This setup has Plesk Onyx 17.5.3 Update #29, Ubuntu 14,04 and Django 1.9.7

Install the Let’s Encrypt plugin for Plesk, but don’t try using it yet. You only get limited attempts within a week.

Modify your django urls.py file to include the following line

url(r'^\.well-known/acme-challenge/(?P<path>.+)$', 'django.views.static.serve',
{'document_root': os.path.join(settings.PROJECT_ROOT, ".well-known/acme-challenge")}),

You might have a different setting for the path to your app, here it is PROJECT_PATH but also commonly called BASE_PATH

You will need the correct permissions so that when you run Let’s Encrypt it will want be able to create the directory .well-known/acme-challenge and add the challenge key file. In plesk, select Web Hosting Access and check the username, here mypleskuser

Make this user, the owner of the django directory with the app in.

Copy additional Apache directives if you have them. In Plesk, In Apache and Nginx Settings, there is a form for additional directives, one for http and one for https.
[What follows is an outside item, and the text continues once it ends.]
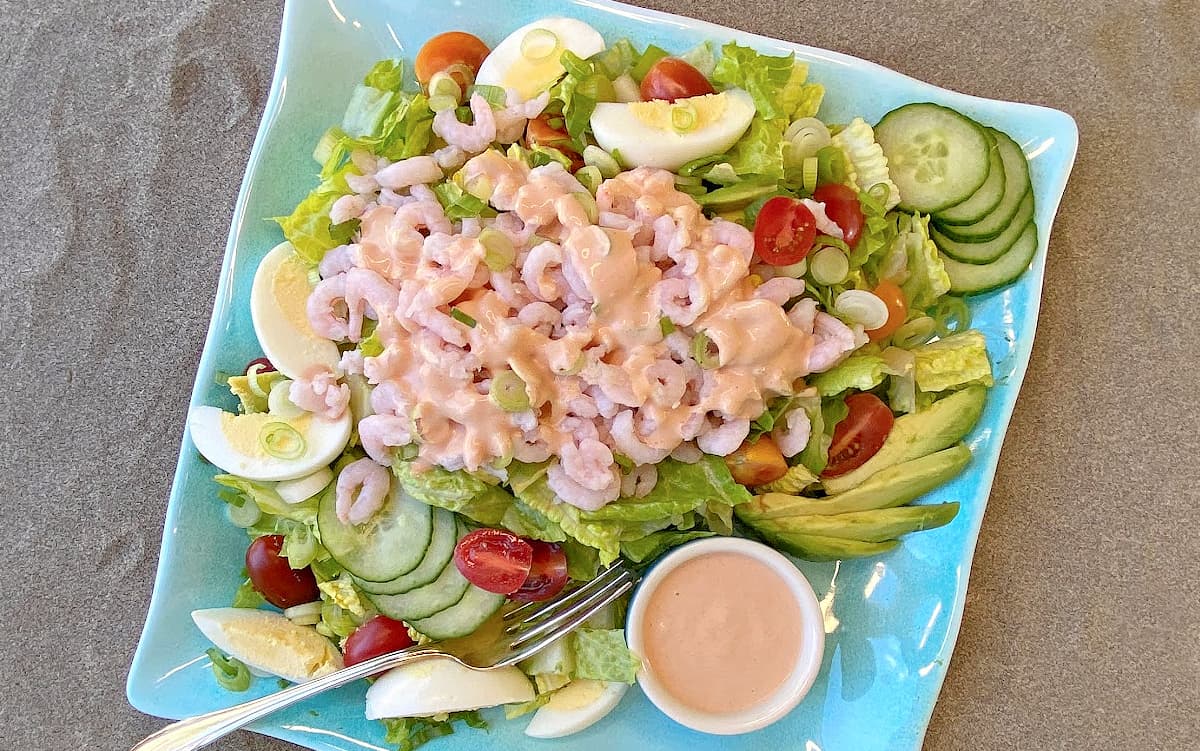 Shrimp Louie assembled on a plate with dressing, and more dressing on the side in a small service cup.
Check they are the same.

In Plesk, click on Let’s Encrypt, and proceed as instructed. Hopefully you will get a green bar saying it all worked and you can now access your site with https.

There are django settings that should be setup. I’ve used these, but read the django docs https://docs.djangoproject.com/en/1.10/topics/security/#ssl-https for more info. Don’t apply these settings until you have https working correctly.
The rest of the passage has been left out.